Work instruction:
When you set down the entries, keep every word exactly as it is but drop the pictures.

──────── Material supplied

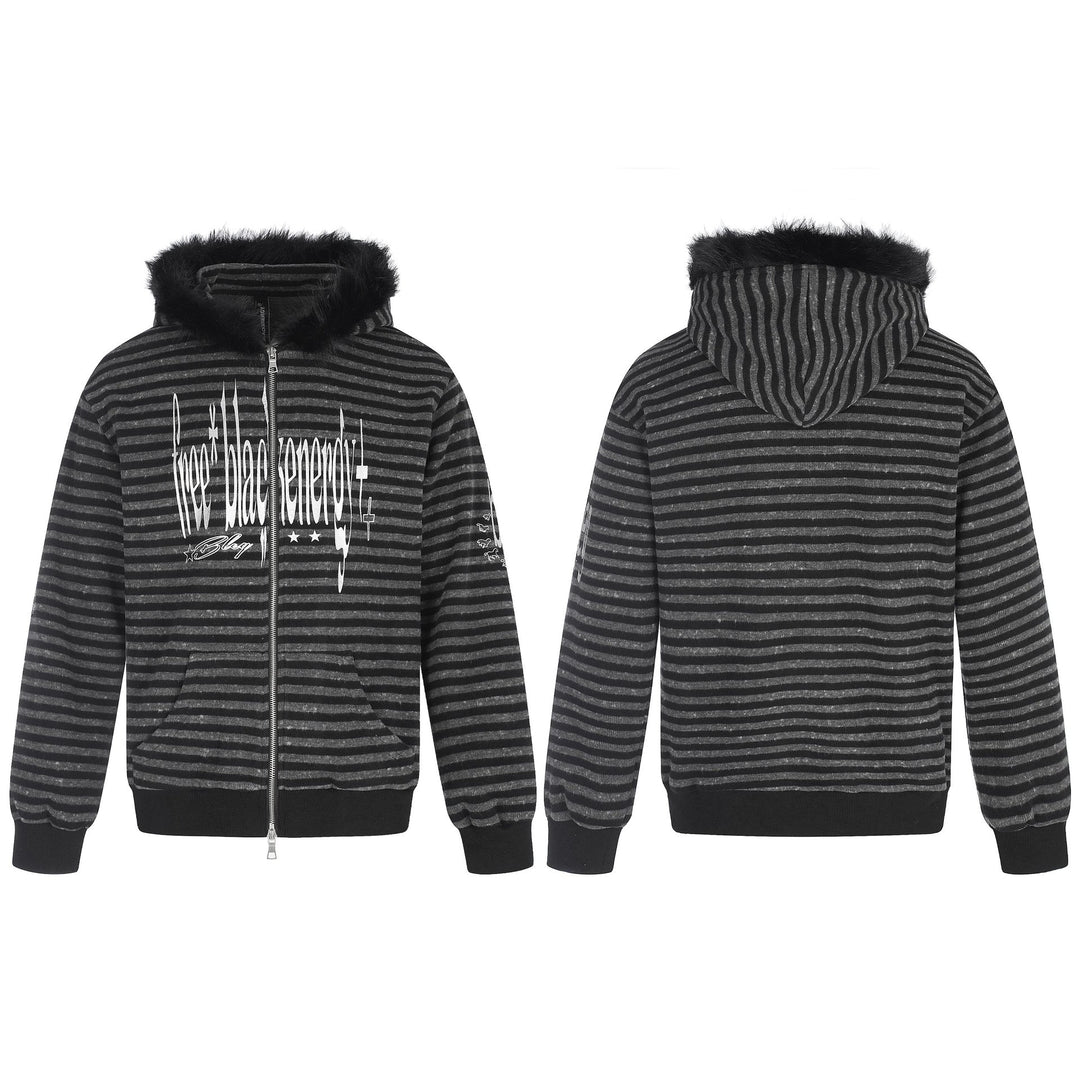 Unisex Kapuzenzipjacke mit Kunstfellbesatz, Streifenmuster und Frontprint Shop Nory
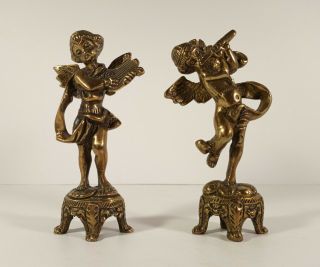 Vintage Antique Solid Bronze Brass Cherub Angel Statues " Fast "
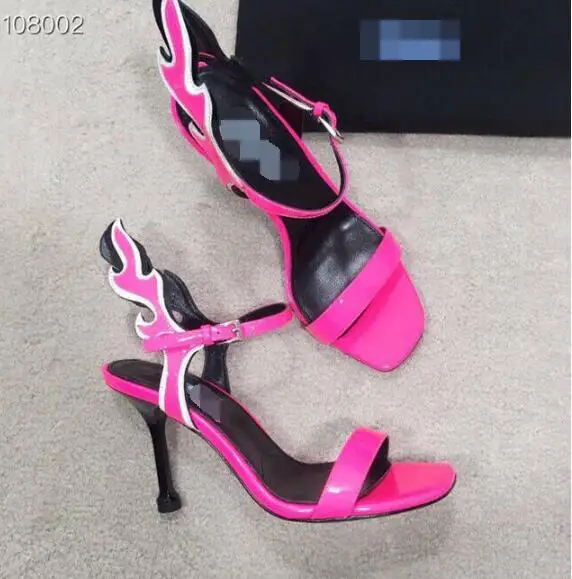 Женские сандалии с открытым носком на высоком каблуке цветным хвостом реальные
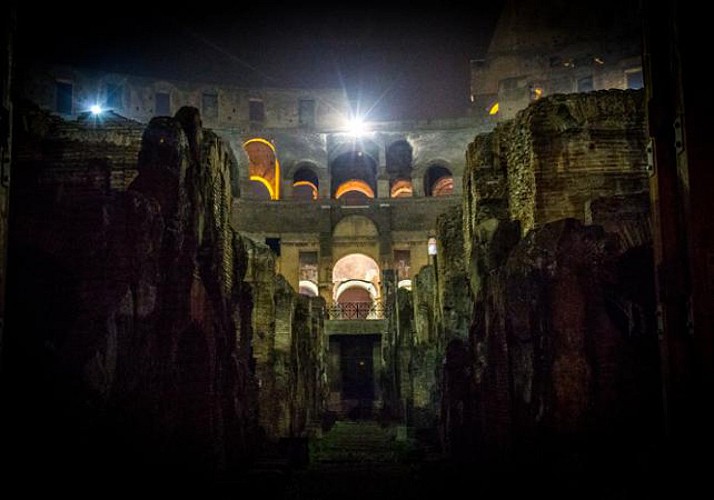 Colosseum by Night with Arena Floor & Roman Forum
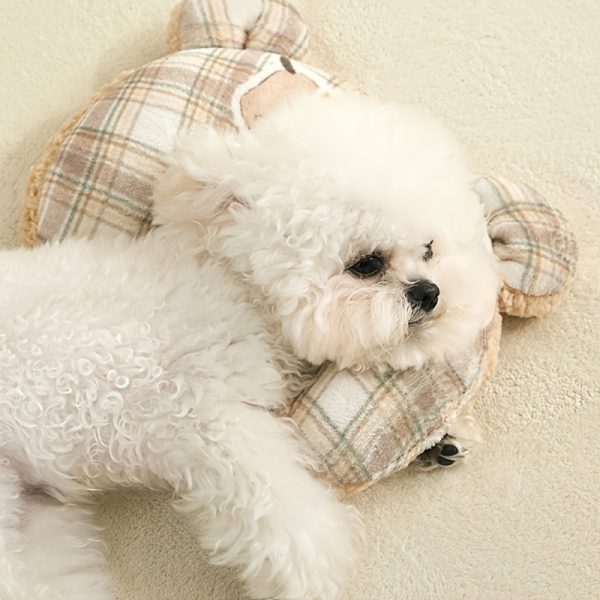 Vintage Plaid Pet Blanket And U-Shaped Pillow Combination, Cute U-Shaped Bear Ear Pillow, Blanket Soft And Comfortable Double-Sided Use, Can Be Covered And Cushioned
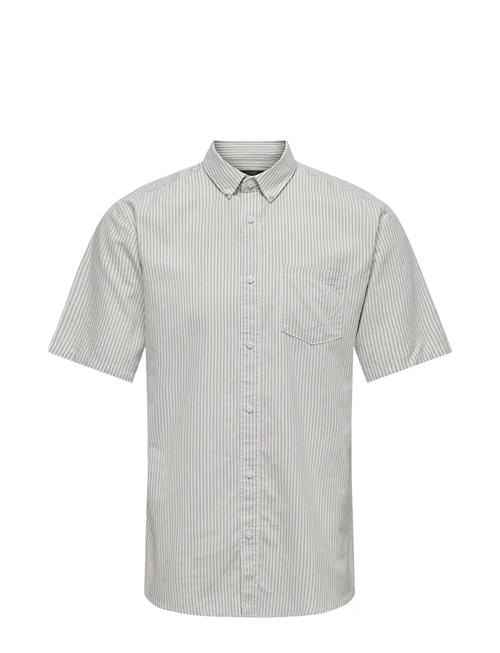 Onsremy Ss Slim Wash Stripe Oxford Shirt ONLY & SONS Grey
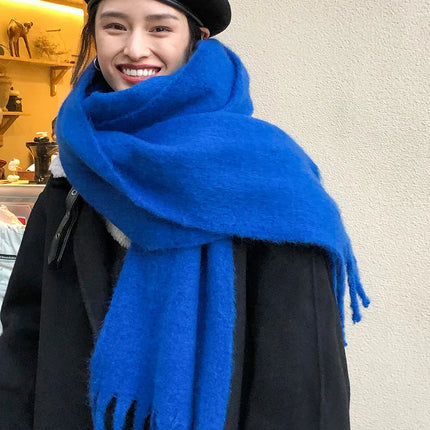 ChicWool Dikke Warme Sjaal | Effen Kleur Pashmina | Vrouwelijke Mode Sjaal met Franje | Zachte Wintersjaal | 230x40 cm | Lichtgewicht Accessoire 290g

────────────────

Answer section:
 Unisex Kapuzenzipjacke mit Kunstfellbesatz, Streifenmuster und Frontprint Shop Nory
 Vintage Antique Solid Bronze Brass Cherub Angel Statues " Fast "
 Женские сандалии с открытым носком на высоком каблуке цветным хвостом реальные
 Colosseum by Night with Arena Floor & Roman Forum
 Vintage Plaid Pet Blanket And U-Shaped Pillow Combination, Cute U-Shaped Bear Ear Pillow, Blanket Soft And Comfortable Double-Sided Use, Can Be Covered And Cushioned
 Onsremy Ss Slim Wash Stripe Oxford Shirt ONLY & SONS Grey
 ChicWool Dikke Warme Sjaal | Effen Kleur Pashmina | Vrouwelijke Mode Sjaal met Franje | Zachte Wintersjaal | 230x40 cm | Lichtgewicht Accessoire 290g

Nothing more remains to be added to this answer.